German-occupied Poland actually had to pay Germany for being occupied (pp. 76-77) "...with the result that the local population endured acute shortages of grain, potatoes, meat, and other necessities." (p. 77), leading to famine (p. 170). (This enables the reader understand why some Poles didn't aid fugitive Jews and why Poles sometimes betrayed or killed Jews known or suspected of stealing from them). Polish guerilla resistance eventually forced the Germans to slightly reduce the harshness of their exploitation of Poland (p. 160).

The Wehrmacht invaded Russia under orders to live off the land, placing 21.2 million Soviet citizens in starvation mode (p. 178). Additionally, millions of Soviet POWs were starved to death by the Germans (p. 175). Aly touches on the eventual Nazi extermination plans against Slavs: "...the most extreme proposal envisioned forcibly relocating 50 million Slavs to Siberia. (For years, the German Research Foundation also supported the development of technocratic plans for the slaughter of millions of people. Funds for research in this area were still allocated in the Nazis' final budget for the fiscal year 1945-46)." (p. 30). Yet the term "relocation" had itself already become a euphemism for extermination.

One Holocaust myth would have us believe that the destruction of Jews had been so uniquely irrational that the Germans would rather sacrifice themselves than leave Jews alive. In actuality, the deportation of the Jews from the island of Rhodes never did challenge the Wehrmacht's transport needs (p. 268), and there wasn't even talk of German retreat at the time of the Rhodes Jews' deportation (pp. 269-270). Once it did occur, the Rhodes Jews' deportation was itself governed by economic considerations (p. 273).

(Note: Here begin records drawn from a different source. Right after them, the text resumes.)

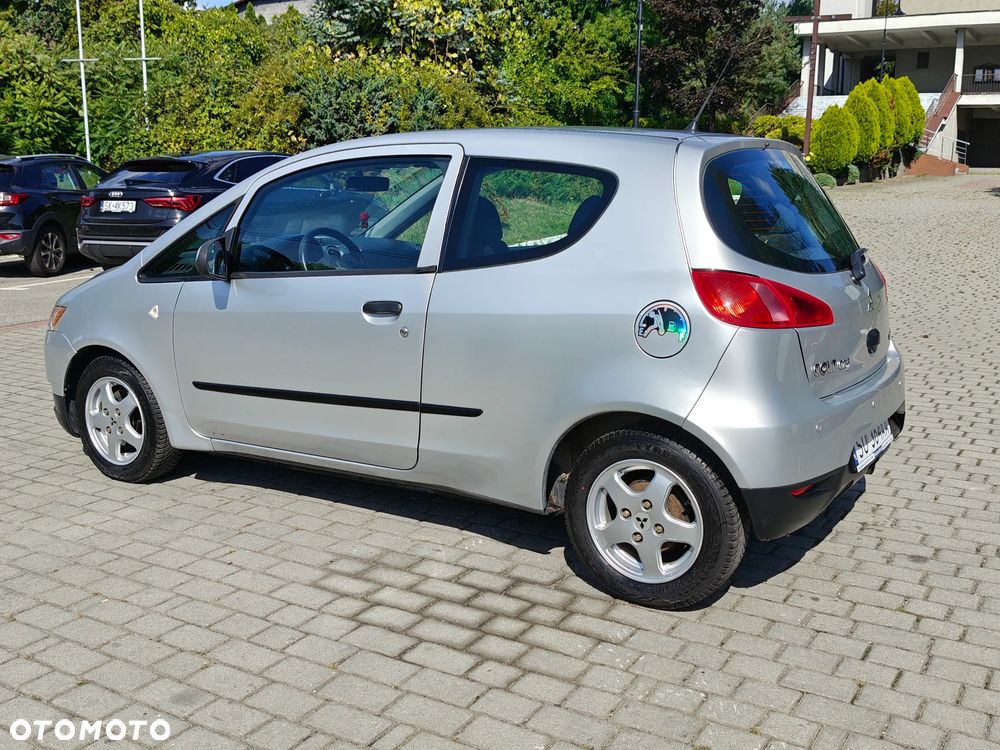 Toyota Yaris 1.0 VVT-i - 19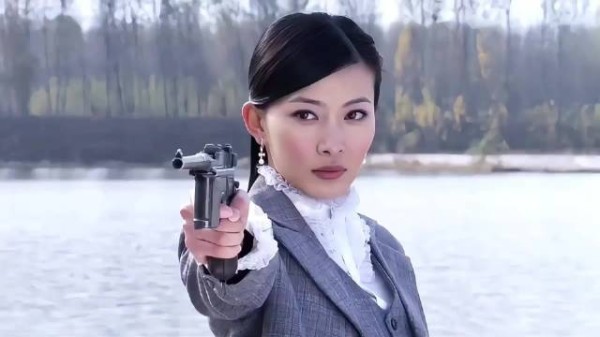 姑娘这身枪法太绝了原创视频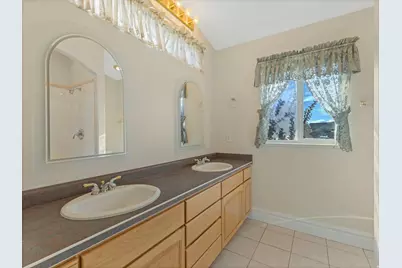 338 N 1090 W, Hyrum, UT 84319 - Photo 16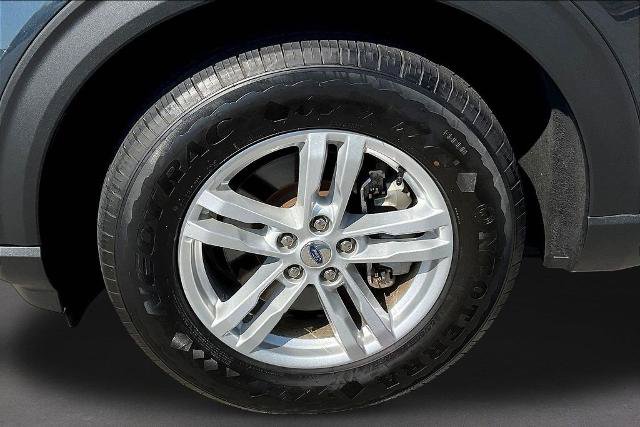 Certified 2023 Ford Explorer XLT w/ Equipment Group 202A AWD/4WD image 38
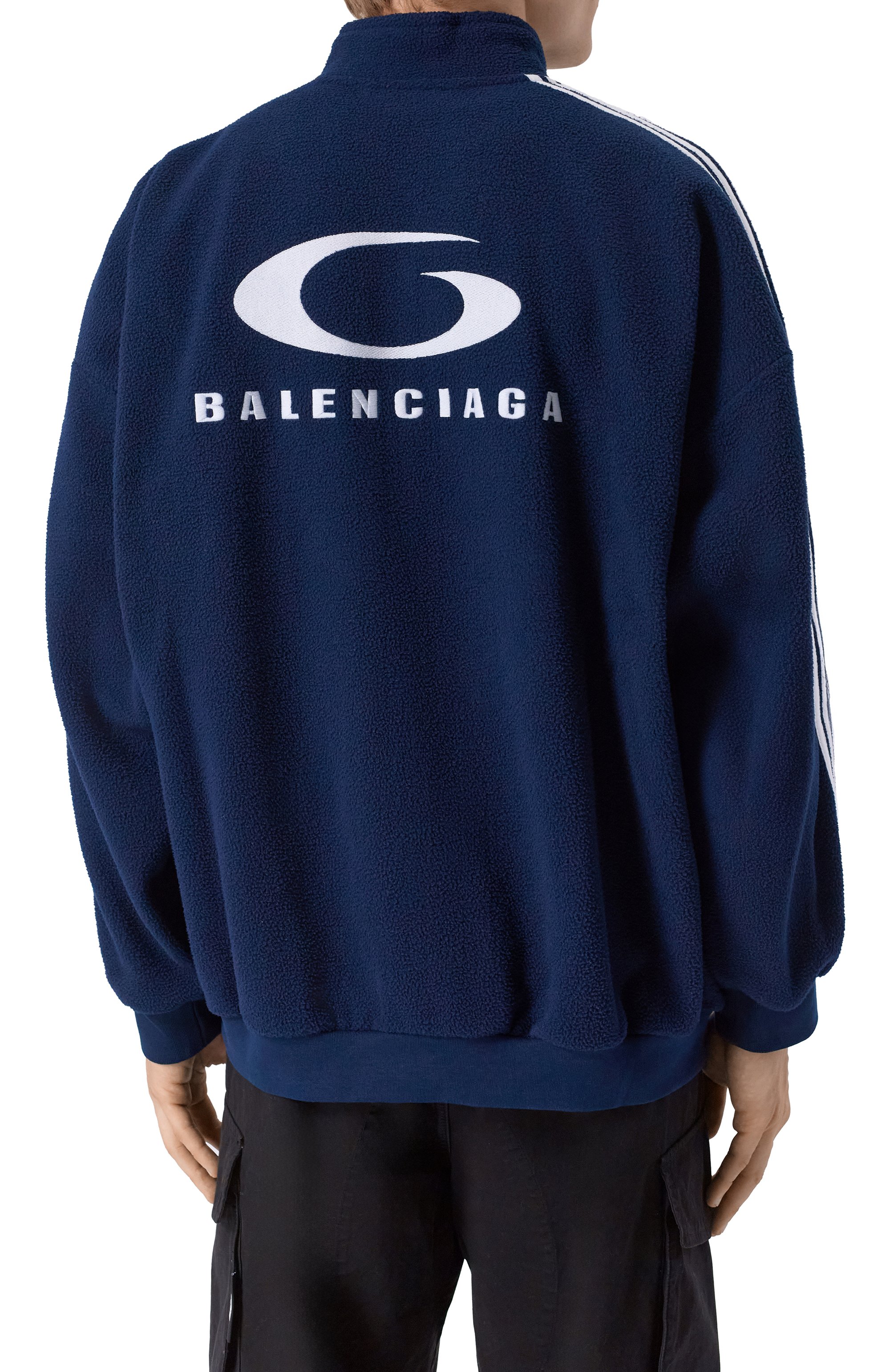 Толстовка BALENCIAGA темно-синего цвета по цене 315500 руб., арт. 829406/TRVJ9, фото 4 Толстовка BALENCIAGA, арт. 829406/TRVJ9, фото 4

The case for Aly's premise that the Holocaust can't be properly understood without the larceny behind it (p. 285) can be strengthened (see: INTO THAT DARKNESS). Treblinka Kommandant Franz Stangl rejected the presumed Nazi obsession with killing all Jews, citing the creation of "honorary Aryans". Stangl asserted that the Holocaust was actually motivated by financial gain. When confronted with the obvious fact that most Jews weren't wealthy, Stangl retorted with the comment that almost every Jew had some worthy possession that could be confiscated--and that the booty added up.